▶ Required action: Repeat word for word the lines starting at the one with "Bellroy Via Workpack" and ending at the final line of the material, both ends included; omit pictures.

----- Provided material

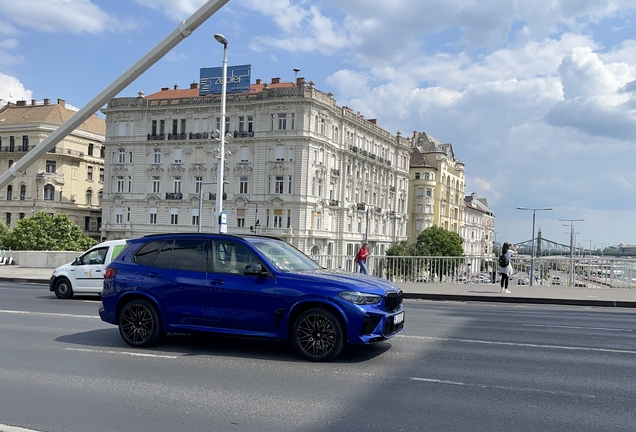 BMW X5 M F95 Competition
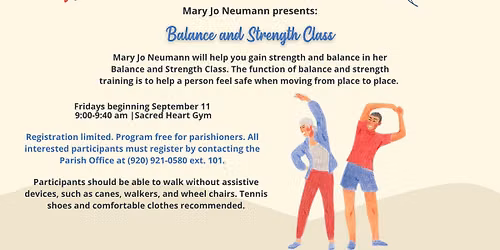 Mary Jo Neumann's Balance & Mobility Class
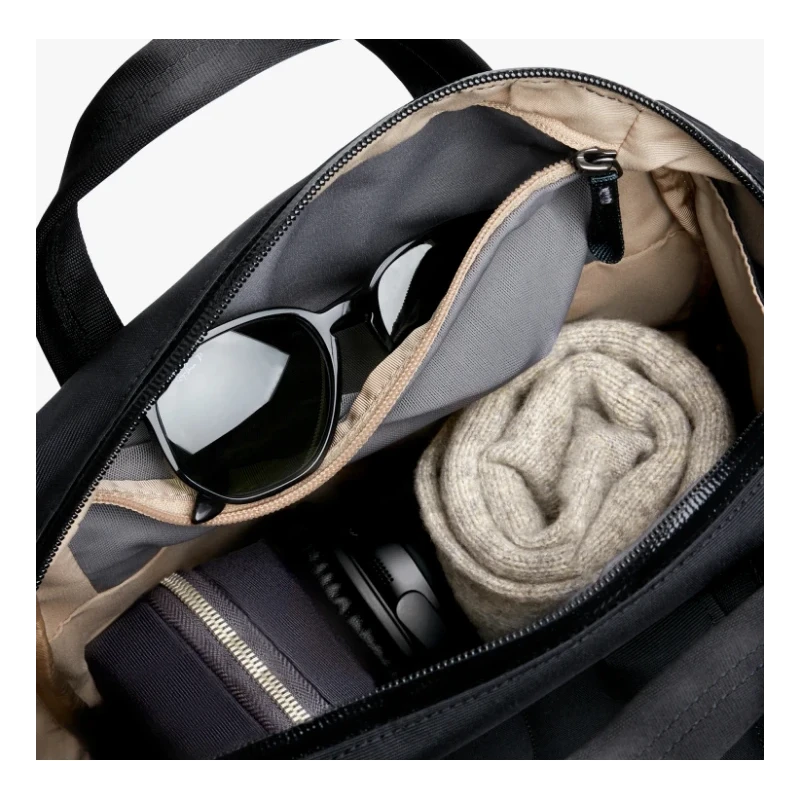 Bellroy Via Workpack - plecak miejski 18L z kieszenią na laptop (black)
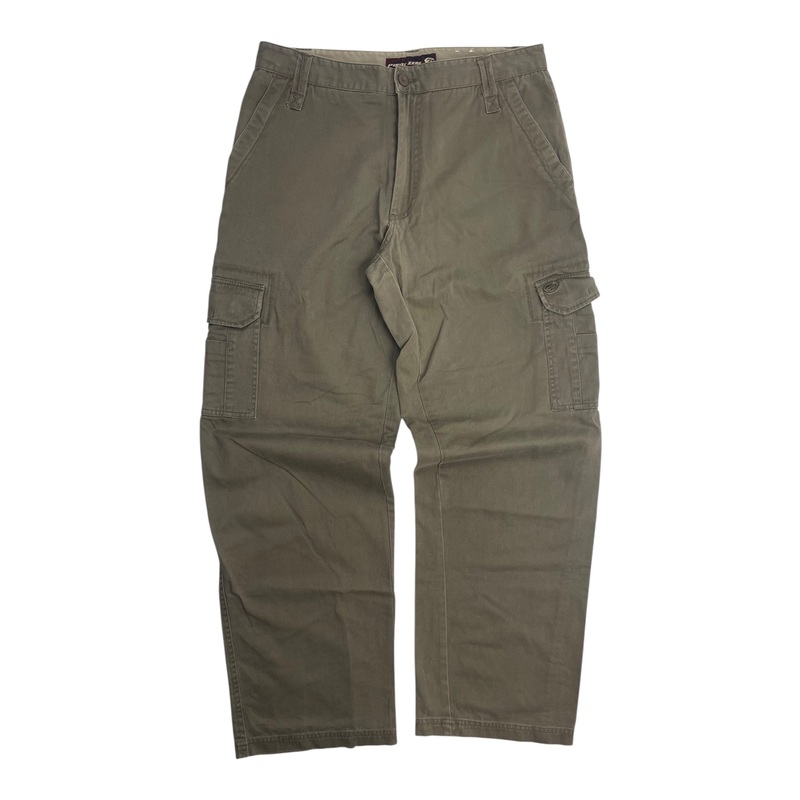Vintage Y2K Point Zero Washed Olive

----------

▶ Finished exercise:
 Bellroy Via Workpack - plecak miejski 18L z kieszenią na laptop (black)
Vintage Y2K Point Zero Washed Olive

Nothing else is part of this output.